Imagine it’s the end of a crazy support season. Your agents are absolutely bushed; some have had their confidence shaken and their egos bruised. It was a challenge for everyone involved, and you, the support manager, feel like your customer service team has been through hell and back. But it’s nearly time to rally the squad once again – how can you make sure your team is better prepared for the next time support requests get out of hand?
You can seek out all the context you’ll need by strategically answering this question: What happened?
Truly great customer service is proactive, meaning that agents need to be set up for success if they’re to succeed. There are multiple types of customer analytics that helps support teams stay proactive, but for proper preparations and clarity, there needs to be strategies developed from descriptive analytics.
What are descriptive analytics?
Descriptive analytics might be seen as the “standard” type of analytics, or what’s most often associated with the term “analytics”. This kind of data provides an insight into the past; it’s a report of something that has already occurred. It could be data indicative of website traffic, previous quarter revenue, or the calories that you ate in a day – all of these count as descriptive analytics.
So what makes these helpful? Well those kinds of “historical insights” can become benchmarks for a goal, and they can show the progress being made towards that goal. From there, strategies can be developed or adjusted depending on the data. It’s a typical business standard and one of the best approaches we have towards fully realizing, and accomplishing, our goals.
What do descriptive analytics tell you in customer service?
Who your customers are
Support interactions shine a whole other light onto customer behaviors.
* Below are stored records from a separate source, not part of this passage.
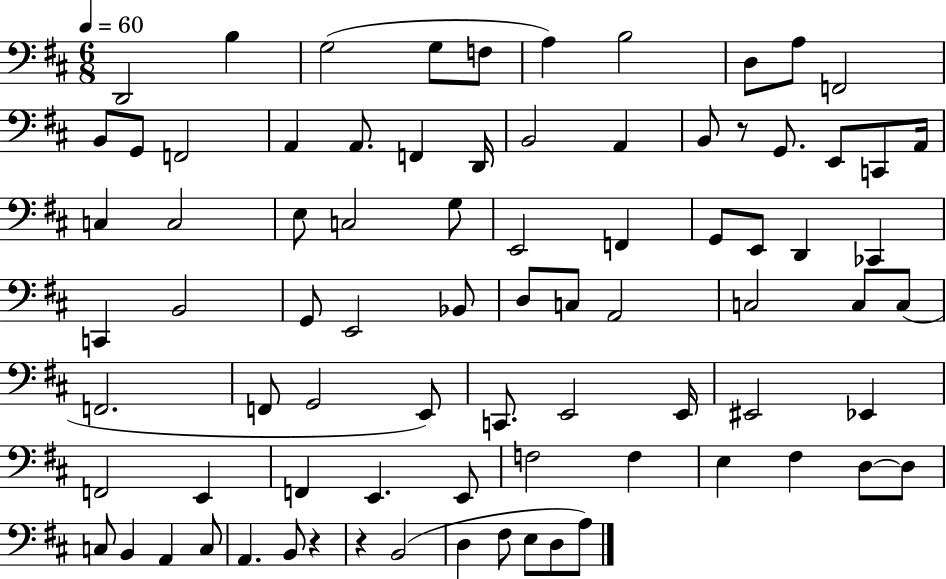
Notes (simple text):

D2/h B3/q G3/h G3/e F3/e A3/q B3/h D3/e A3/e F2/h B2/e G2/e F2/h A2/q A2/e. F2/q D2/s B2/h A2/q B2/e R/e G2/e. E2/e C2/e A2/s C3/q C3/h E3/e C3/h G3/e E2/h F2/q G2/e E2/e D2/q CES2/q C2/q B2/h G2/e E2/h Bb2/e D3/e C3/e A2/h C3/h C3/e C3/e F2/h. F2/e G2/h E2/e C2/e. E2/h E2/s EIS2/h Eb2/q F2/h E2/q F2/q E2/q. E2/e F3/h F3/q E3/q F#3/q D3/e D3/e C3/e B2/q A2/q C3/e A2/q. B2/e R/q R/q B2/h D3/q F#3/e E3/e D3/e A3/e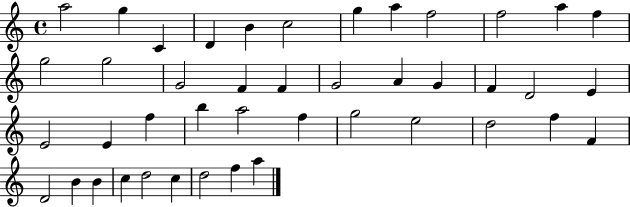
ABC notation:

X:1
T:Untitled
M:4/4
L:1/4
K:C
a2 g C D B c2 g a f2 f2 a f g2 g2 G2 F F G2 A G F D2 E E2 E f b a2 f g2 e2 d2 f F D2 B B c d2 c d2 f a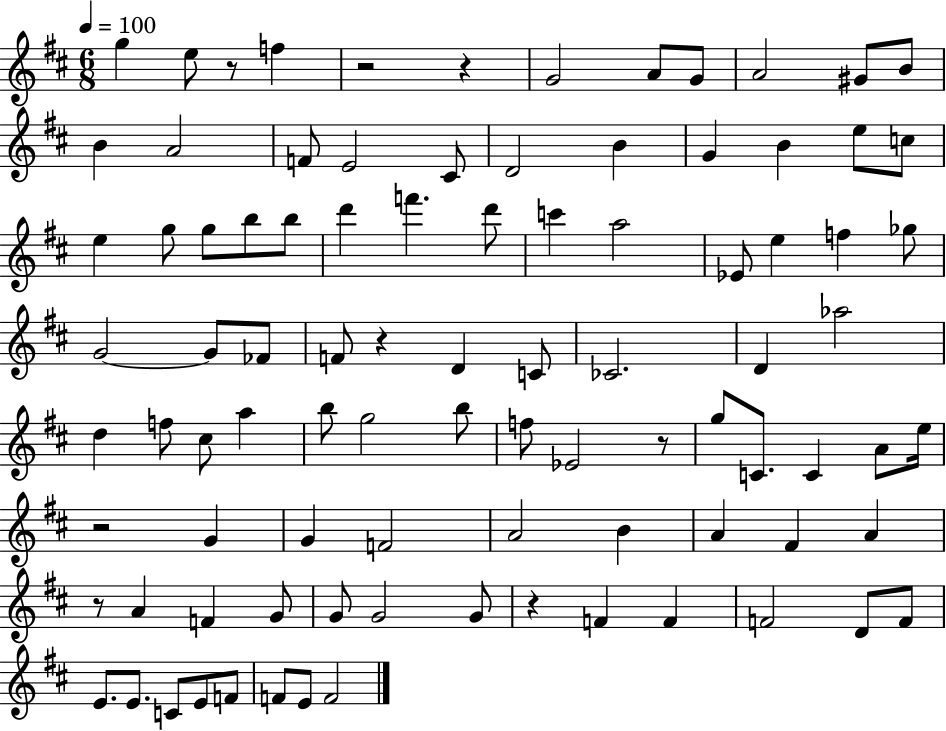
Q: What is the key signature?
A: D major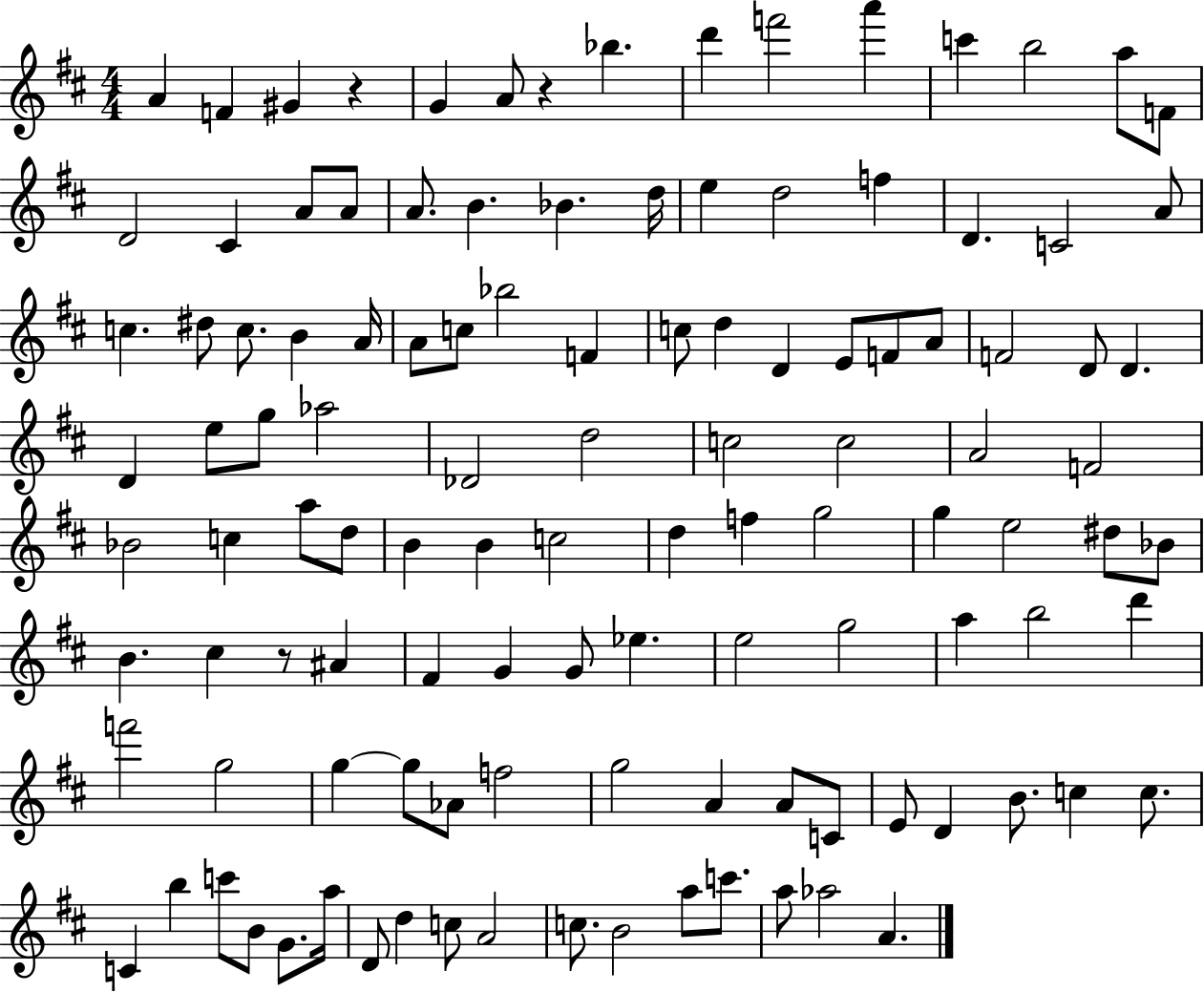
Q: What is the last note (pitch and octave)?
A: A4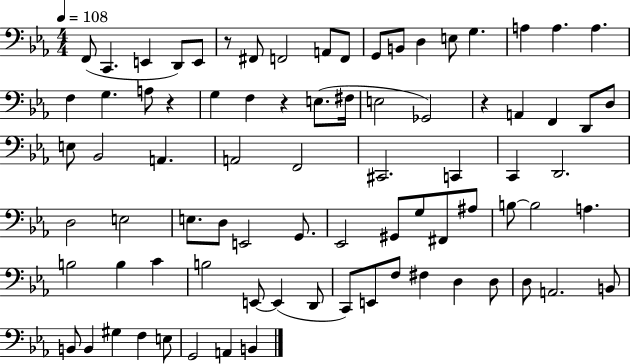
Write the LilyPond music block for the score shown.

{
  \clef bass
  \numericTimeSignature
  \time 4/4
  \key ees \major
  \tempo 4 = 108
  f,8( c,4. e,4 d,8) e,8 | r8 fis,8 f,2 a,8 f,8 | g,8 b,8 d4 e8 g4. | a4 a4. a4. | \break f4 g4. a8 r4 | g4 f4 r4 e8.( fis16 | e2 ges,2) | r4 a,4 f,4 d,8 d8 | \break e8 bes,2 a,4. | a,2 f,2 | cis,2. c,4 | c,4 d,2. | \break d2 e2 | e8. d8 e,2 g,8. | ees,2 gis,8 g8 fis,8 ais8 | b8~~ b2 a4. | \break b2 b4 c'4 | b2 e,8~~ e,4( d,8 | c,8) e,8 f8 fis4 d4 d8 | d8 a,2. b,8 | \break b,8 b,4 gis4 f4 e8 | g,2 a,4 b,4 | \bar "|."
}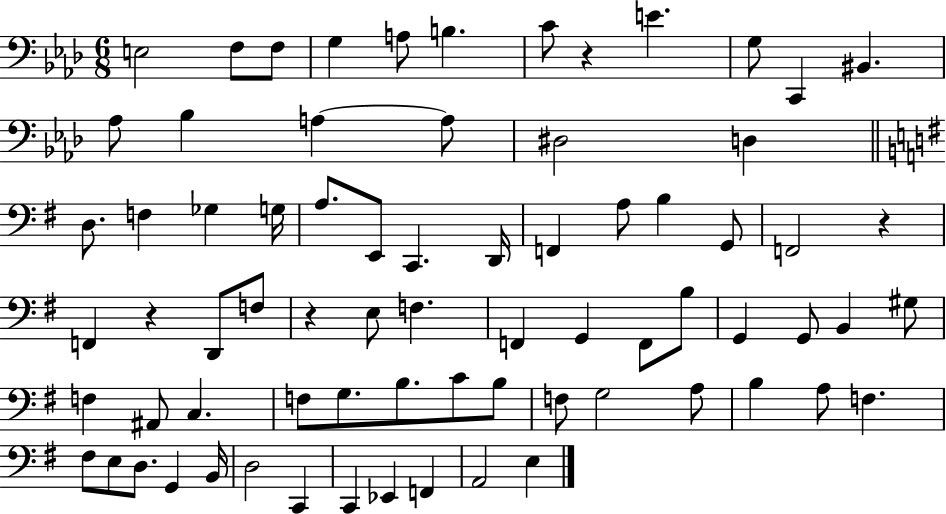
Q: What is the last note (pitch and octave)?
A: E3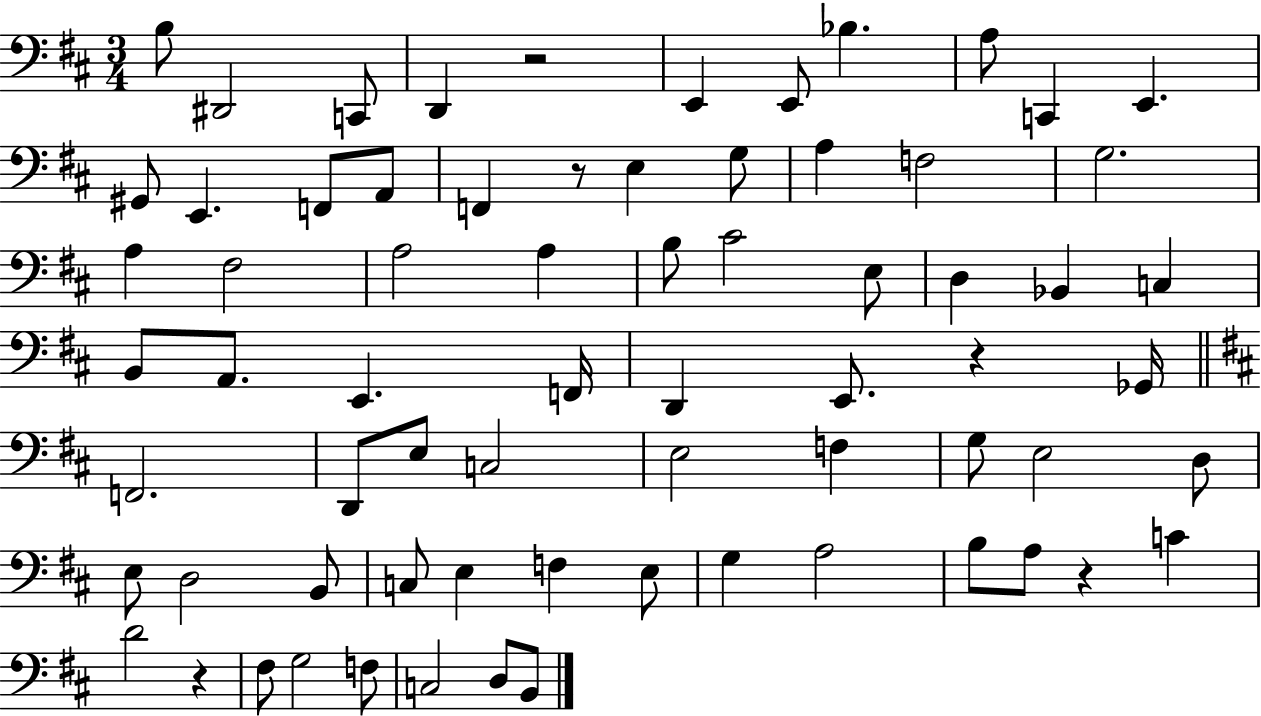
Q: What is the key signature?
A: D major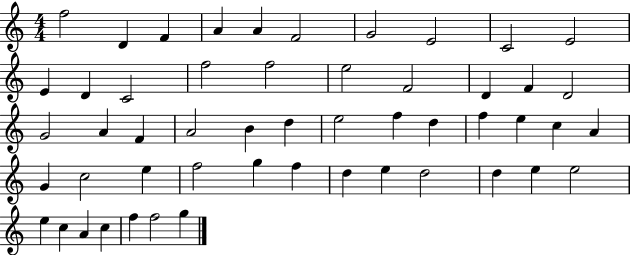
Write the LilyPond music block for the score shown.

{
  \clef treble
  \numericTimeSignature
  \time 4/4
  \key c \major
  f''2 d'4 f'4 | a'4 a'4 f'2 | g'2 e'2 | c'2 e'2 | \break e'4 d'4 c'2 | f''2 f''2 | e''2 f'2 | d'4 f'4 d'2 | \break g'2 a'4 f'4 | a'2 b'4 d''4 | e''2 f''4 d''4 | f''4 e''4 c''4 a'4 | \break g'4 c''2 e''4 | f''2 g''4 f''4 | d''4 e''4 d''2 | d''4 e''4 e''2 | \break e''4 c''4 a'4 c''4 | f''4 f''2 g''4 | \bar "|."
}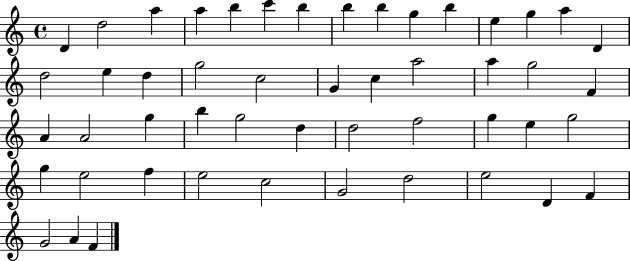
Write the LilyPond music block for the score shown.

{
  \clef treble
  \time 4/4
  \defaultTimeSignature
  \key c \major
  d'4 d''2 a''4 | a''4 b''4 c'''4 b''4 | b''4 b''4 g''4 b''4 | e''4 g''4 a''4 d'4 | \break d''2 e''4 d''4 | g''2 c''2 | g'4 c''4 a''2 | a''4 g''2 f'4 | \break a'4 a'2 g''4 | b''4 g''2 d''4 | d''2 f''2 | g''4 e''4 g''2 | \break g''4 e''2 f''4 | e''2 c''2 | g'2 d''2 | e''2 d'4 f'4 | \break g'2 a'4 f'4 | \bar "|."
}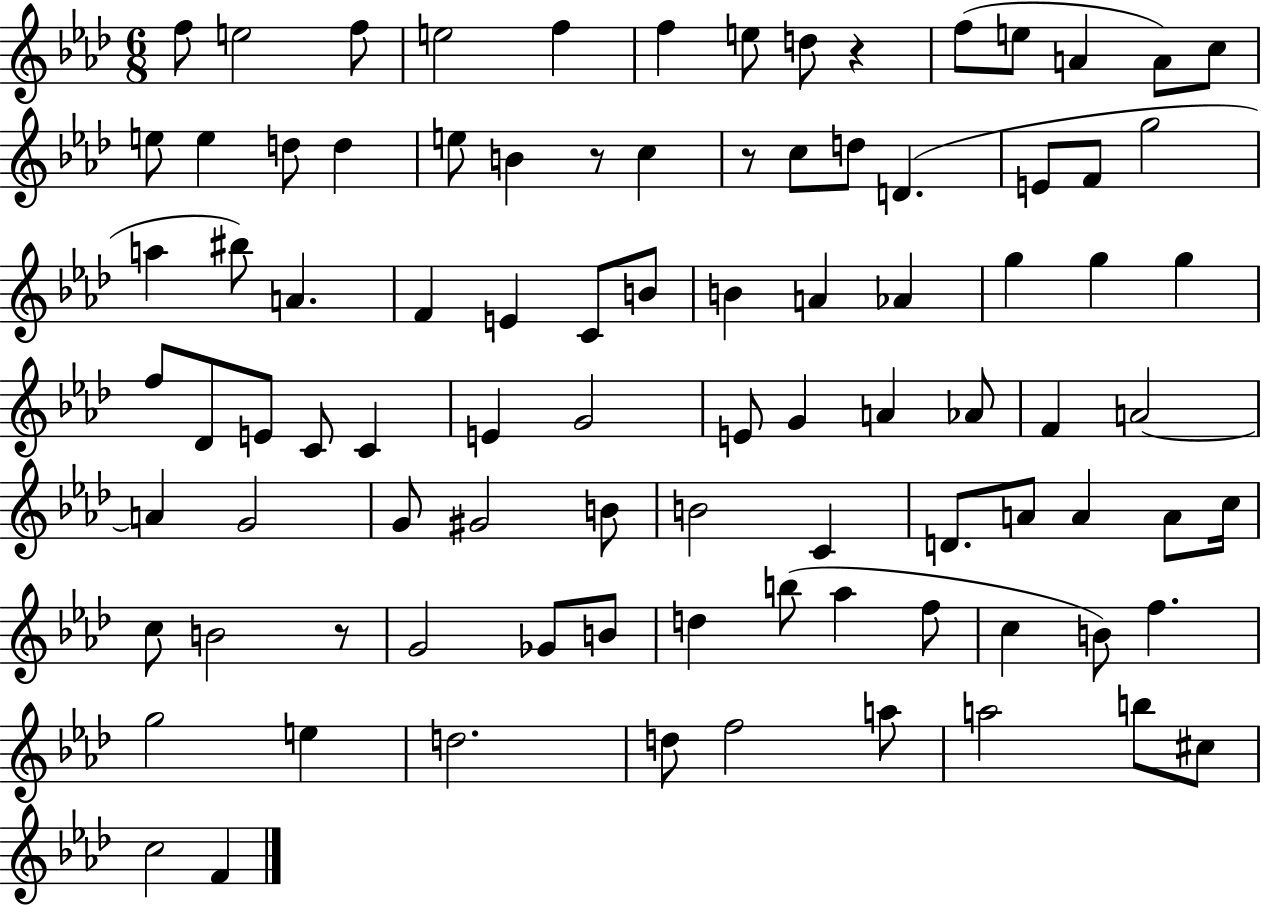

If you really want a clue into who your audience is, take a look at the number of tickets based on a particular topic – it will highlight where your customers are coming from based on locations, industries, and interests (depending on how your product is used). This can lead to a very critical discovery: the expectations of your customers.
Perhaps you’ll discover that your customers aren’t as technically-savvy as you had hoped, resulting in more work for your agents. Or maybe there are certain parts of the day that customers like to use your product, leading to an influx of support requests during that time. That can influence adequate agent headcount and how a manger should set business hours.
If there’s something in particular that you want to know about your customers, you can create custom fields that add various descriptors to a support ticket. These fields can provide additional insights, like if a segment of your customer base comes from a specific industry and share similar issues, agents can be better trained for those problems when they arise.
What your customer’s journey is like
But knowing who your customers are is only part of it – it’s necessary to understand the journey that brought them to an agent. This means knowing if the customer’s new to or experienced with the product, if they attempted to fix the issue themselves, or if whatever’s plaguing them is a recurring problem. Tracking this sort of data means strategically labeling tickets or utilizing additional applications. One such tool is Pathfinder, which shows which web pages, Help Center articles, and community posts that customers have already viewed or searched for.
Insight into the customer journey is how customer service gets really optimized. Managers are able to tell when recurrent issues are becoming something a product team should handle, or if the support team should enhance on their self-service offerings. It can also influence your support tiers for customer’s that are on different parts of their journey.
How to better prepare for when things get crazy
Descriptive analytics can be extremely valuable when you-know-what hits the fan for customer service. We’re talking holiday rushes, new product launches, critical system failures (for which there isn’t any established protocol), or anything that can trigger an influx of support tickets that makes agents curse under their breath.
For those type of events, be sure that custom fields are being used to track issue types (which is really as simple as including an “About” field). You’ll also want to measure ticket volumes, first reply times, and resolution times. Those descriptive analytics provide a benchmark for catastrophic events and can influence your preparations should they occur again. Don’t forget to try a few fire drills to make sure the team knows what to do.
Other ways to stay proactive: dig into the issues that had the longest response times during difficult events. See if there’s anything that can be learned to shorten down your team’s response time. Also, be on the lookout for repetitive tickets – these indicate an opportunity to enhance your self-service by improving Help Center articles or utilizing an AI-powered helper like Answer Bot.